From: arnd@arndb.de (Arnd Bergmann)
To: linux-arm-kernel@lists.infradead.org
Subject: Speeding up dma_unmap
Date: Thu, 28 Jan 2016 12:20:55 +0100 [thread overview]
Message-ID: <24650183.WoXLVmr0Vj@wuerfel> (raw)
In-Reply-To: <20160128103105.GR14823@e104818-lin.cambridge.arm.com>
On Thursday 28 January 2016 10:31:06 Catalin Marinas wrote:
> On Wed, Jan 27, 2016 at 06:09:45PM +0000, Russell King - ARM Linux wrote:
> > On Wed, Jan 27, 2016 at 04:06:30PM +0000, Catalin Marinas wrote:
> > > On Wed, Jan 27, 2016 at 01:23:27PM +0100, Arnd Bergmann wrote:
> > > > up reading cache lines back in randomly on a speculative prefetch,
> > > > but as far as I can tell, the Cortex-A8 (or A5/A7) won't do that.
> > >
> > > Are you sure about A5 and A7? I'm not even sure about the A8 but there
> > > are good chances that A7 and A5 do speculative prefetches.
> >
> > I thought when I was re-implementing the DMA API on ARM (which was
> > around early v7 times) that there were CPUs that did speculative
> > prefetching, which included the A8. I seem to remember it was pretty
> > urgent to have the DMA API fixed for _any_ ARMv7 CPU because of the
> > speculative prefetching.
>
> Indeed, it's a safe assumption to say that any ARMv7 CPU perform
> speculative accesses. Even if some of them may only do I-cache
> prefetching (just guessing), in the presence of a unified L2 this
> distinction no longer matters.
Ok, I was thrown off by the code comment then, and by my incorrect
assumption that only the out-of-order cores were doing any speculative
execution (prefetch or not). According to the Cortex-A5 TRM, "The
Cortex-A5 MPCore data cache implements an automatic prefetcher that
monitors cache misses done by the processor. When a pattern is detected,
the automatic prefetcher starts linefills in the background."

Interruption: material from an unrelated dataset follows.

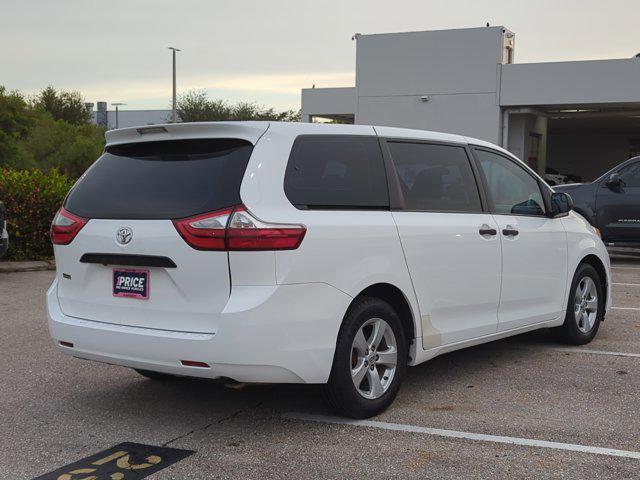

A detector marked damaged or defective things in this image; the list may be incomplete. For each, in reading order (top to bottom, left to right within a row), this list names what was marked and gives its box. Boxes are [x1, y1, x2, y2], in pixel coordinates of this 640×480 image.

parking lot pavement crack [162, 400, 262, 448]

I have looked at the documentation for a couple of cores and found that:
* Cortex-A9 always does speculative prefetching
* Cortex-A8 does not have this mentioned in the manual, which would
be a hint that it indeed does not do it at all, but that could be
wrong. It does explicitly mention prefetching into icache, and
mentions prefetching using the PLD instruction and the L2 PLE.
* A5/A7/A15/A17 all do prefetching unless disabled in the ACTLR
register. CPUs that have L2 caches can control this separately
for L1 and L2 as needed.
This means that there are still some cores on which one could try
if disabling the prefetching and the flushes in DMA unmap provides
any serious performance boost.
Arnd
next prev parent reply other threads:[~2016-01-28 11:20 UTC|newest]
Thread overview: 8+ messages / expand[flat|nested] mbox.gz Atom feed top
2016-01-27 8:32 Speeding up dma_unmap Jason Holt
2016-01-27 11:22 ` Ard Biesheuvel
2016-01-27 12:23 ` Arnd Bergmann
2016-01-27 16:06 ` Catalin Marinas
2016-01-27 18:09 ` Russell King - ARM Linux
2016-01-28 10:31 ` Catalin Marinas
2016-01-28 11:20 ` Arnd Bergmann [this message]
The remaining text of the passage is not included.